Data shown:
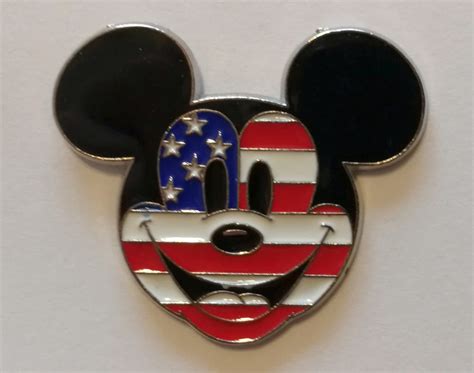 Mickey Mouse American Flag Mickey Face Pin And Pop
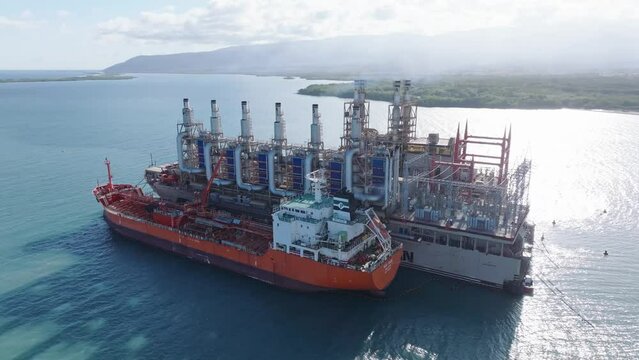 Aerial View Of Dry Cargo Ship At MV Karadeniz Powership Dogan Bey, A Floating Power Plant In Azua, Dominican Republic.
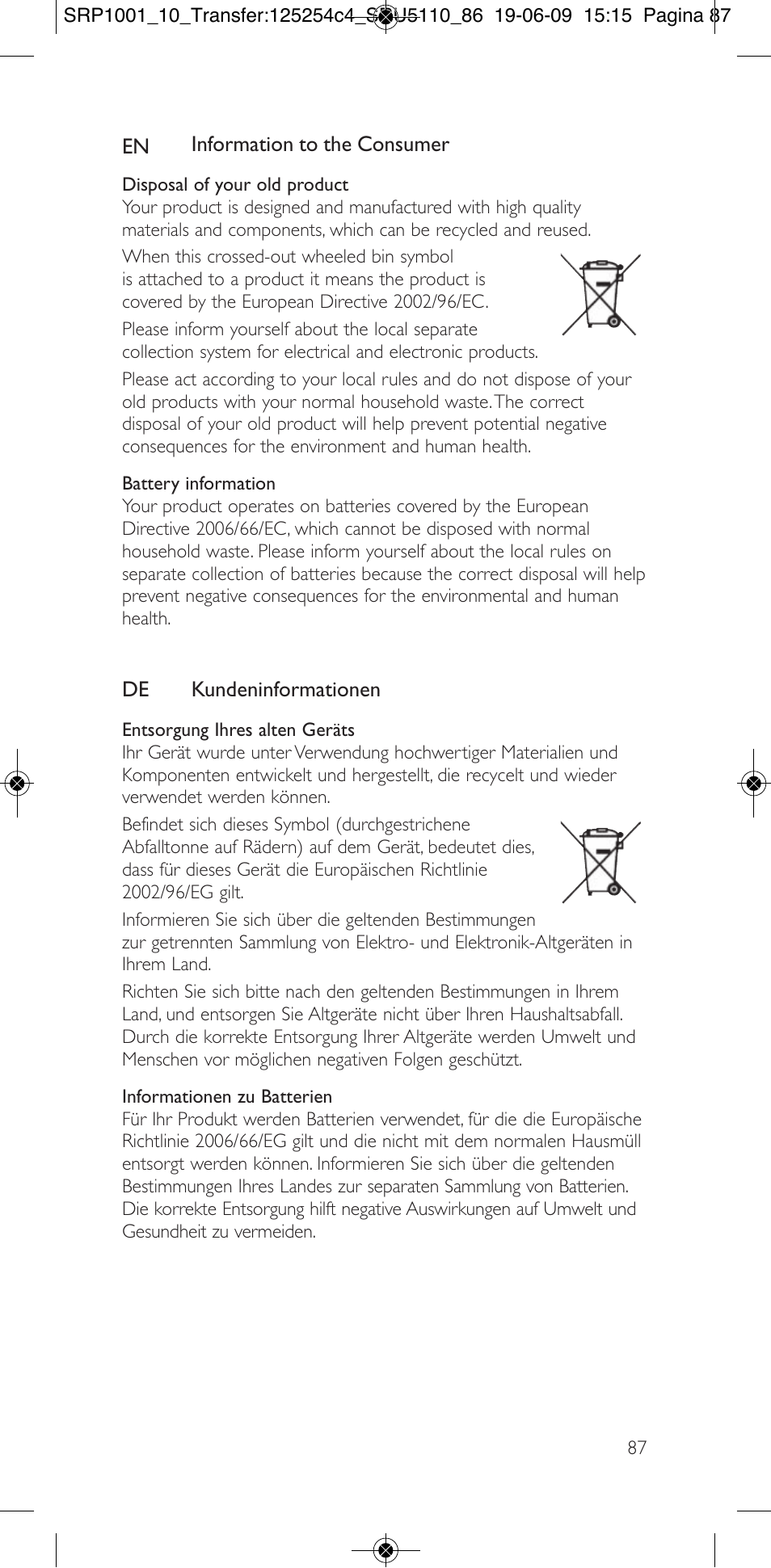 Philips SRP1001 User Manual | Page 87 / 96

* * *

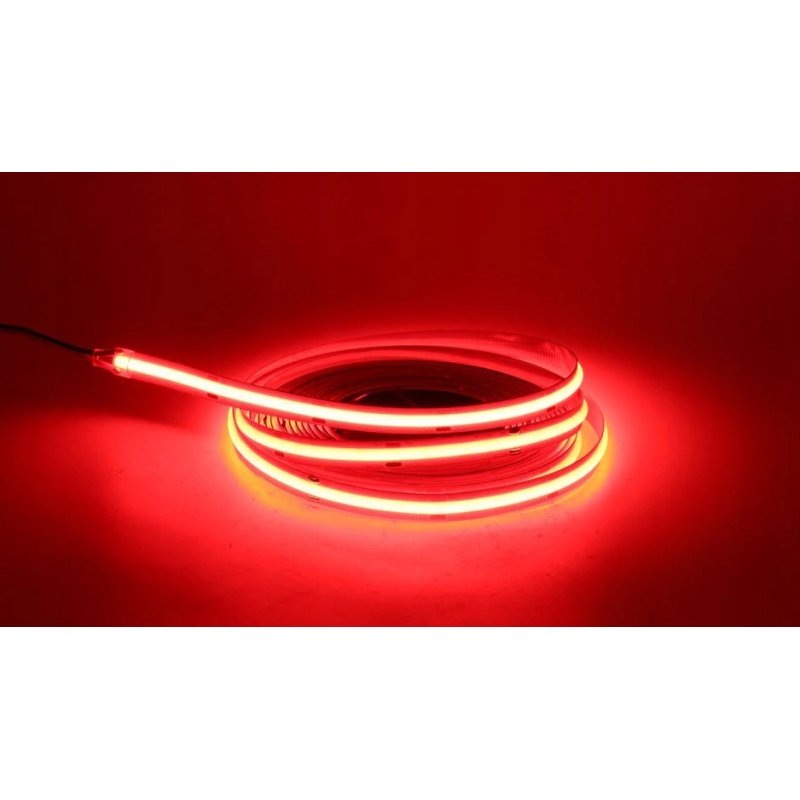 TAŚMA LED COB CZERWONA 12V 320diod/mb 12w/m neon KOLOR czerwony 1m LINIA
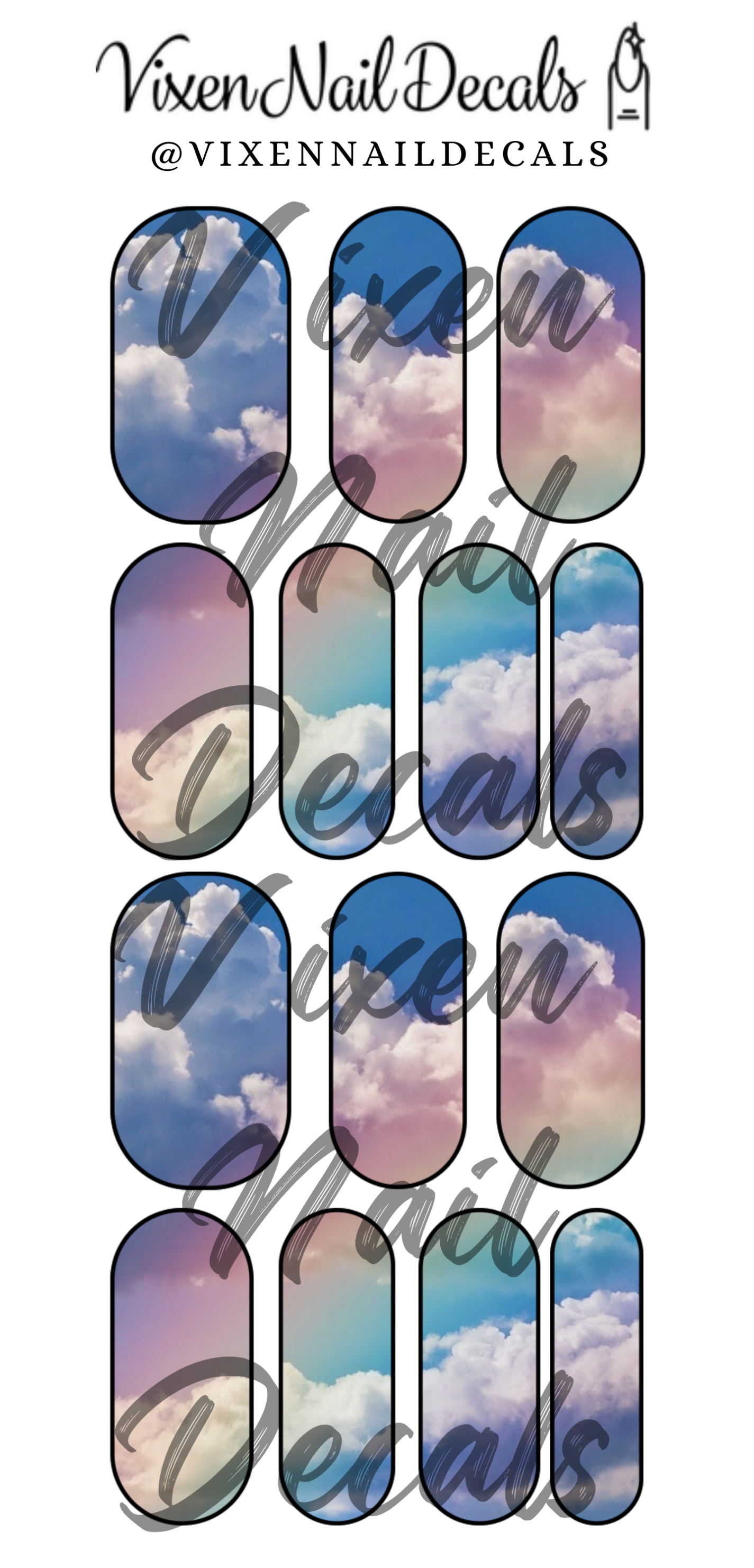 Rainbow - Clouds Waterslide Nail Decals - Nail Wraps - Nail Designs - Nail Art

* * *

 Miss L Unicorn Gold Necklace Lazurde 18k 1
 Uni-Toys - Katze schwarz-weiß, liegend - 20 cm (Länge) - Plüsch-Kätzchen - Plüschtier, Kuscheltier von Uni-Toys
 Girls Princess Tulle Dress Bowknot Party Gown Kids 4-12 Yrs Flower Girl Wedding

Exercise prompt: From the records above, output only the lines starting at the one containing "Aerial View Of" and ending at the one containing "Philips SRP1001 User Manual | Page 87 / 96", word for word. Pictures stay out.

Exercise answer:
 Aerial View Of Dry Cargo Ship At MV Karadeniz Powership Dogan Bey, A Floating Power Plant In Azua, Dominican Republic.
 Philips SRP1001 User Manual | Page 87 / 96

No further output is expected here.